Publication ethics and malpractice standards

Salus Journal condemns all forms of research misconduct, including plagiarism, distortion/misattribution or fabrication of evidence, and disclsures which are unethical or illegal. We abide by CSU’s Research Policy.

We further adhere to the COPE COPE Code of Conduct and Best Practice Guidelines for Journal Editors and the Code of Conduct for Journal Publishers.

In responding to possible publication misconduct or inappropriate behaviour, the Advisory Board expects all editors to:

  • Deal with all such cases promptly, politely, fairly, but assertively;
  • Be cognizant of the requirements of due possess when dealing with suspected cases;
  • Pursue suspect misconduct in both published and unpublished (submitted) papers;
  • Assist the Editor-in-Chief conduct a balanced inquiry into the issue with the view to resolve the matter; and
  • Where a case of significant inaccuracy, data error/oversight, or publication misconduct/misrepresentation, plagiarism, factual distortion, or similar, is discovered in a published paper, work with the Editor-in-Chief to publish a correction, retraction, apology, or some other form of redress.

Ethical Publication Guidelines

Salus Journal is committed to maintaining best practice in publishing ethics.  Before submitting your manuscript for review, please read the journal’s ethical guidelines for submissions.  By submitting your article you agree that your manuscript adheres to these standards.

The journal is dedicated to publishing research that is accurate and trustworthy, and follows the guidelines below.
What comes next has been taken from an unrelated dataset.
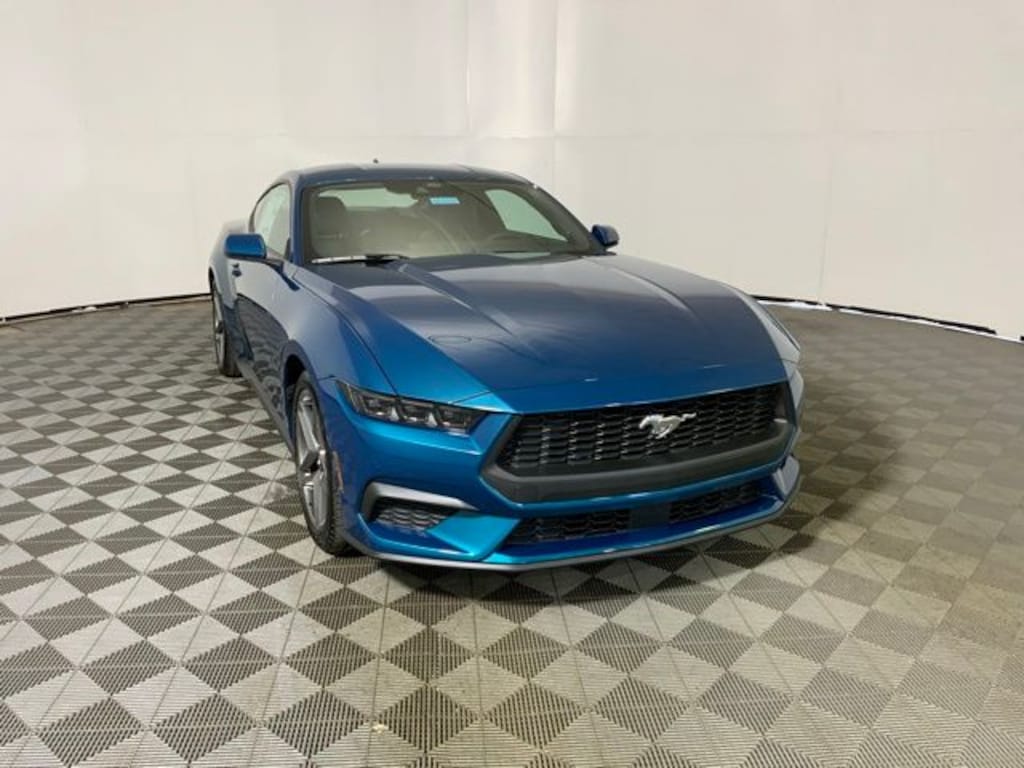 New 2026 Ford Mustang Coupe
It seeks to:

  • Uphold high scholarly standards and free scholarly inquiry;
  • Be objective, transparent and fair in their dealings with authors;
  • Consider all submissions on scholarly merit; and
  • Reject any identified commercial influence or conflict of interest.

Editorial responsibilities

The Advisory Board expects the members of the Journal’s Editorial Board to:

  • Alert the Editor-in-Chief to any real or perceived conflicts of interest they may have with the authors, the area of research, or research funding source of the manuscript under review;
  • Blind review manuscripts so that the quality of the papers under review are of publishable quality;
  • Review manuscripts in the shortest possible time;
  • Recommend to the Editor-in-Chief their reasons and/or conditions for why a manuscript should be accepted or rejected;
  • Draw to the attention of the authors relevant published work if it has not been cited;
  • Maintain confidentiality of manuscripts while reviewing;
  • Maintain a professional standard of conduct while reviewing submissions;
  • Present objective judgments by making clear statements that are supported by an objective argument and references as necessary;
  • Destroy all copies of manuscripts once the reviewer’s report is filed with the Editor-in-Chief; and
  • Draw to the attention of the Editor-in-Chief any content that might be considered plagiarism, or where data might appear to be contrived or inappropriately manipulated.

Author responsibilities

The Advisory Board expects authors to:

  • Certify that their manuscript has not been submitted for consideration in another journal at the same time—i.e. no simultaneous submissions;
  • Certify that permission has been obtained for use of any copyrighted material from other sources, which includes the Web;
  • Certify that if other scholar’s works are used that correct referencing is used to avoid any suggestion of plagiarism;
  • Certify that the work they have submitted for review is their work and that no “ghost-writing” has been involved;
  • Make known to the Editor-in-Chief any real or perceived conflicts of interest that might be inherent in the study, or from the sponsors of the research, or from  political interests;
  • Acknowledge in the text and cite publication sources if portions of author’s manuscript contents have been published before;
  • Understand that the peer reviewers will remain anonymous;
  • Certify the accuracy of the data and be willing to provide access to these data for verification purposes should a reviewer make a reasonable request; and
  • Advise the Editor-in-Chief if a substantial inaccuracy has been detected once the paper is published and to work with the Editor-in-Chief to rectify such an error through the publication of, for instance, clarification, an erratum, addendum, apology, or a retraction of the paper.

Editorial independence

The Editors-in-Chief assess submissions exclusively on the basis of academic merit and relevance to the journals scope. They reserve the right to reject submissions that do not meet the required standards and relevance. Decisions to publish are not influenced by government policies or agencies. The Editors-in-Chief have full authority over the editorial content and the publication of that content.

Conflict of Interest

Editors and the editorial board will not use unpublished information contained in a submission for their own research purposes. Privileged information received by the Editors-in-Chief obtained as a result of journal management processes will remain confidential. Peer reviewers are expected to disclose conflicts of interest and recuse themselves from peer reviewing activities related to that conflict.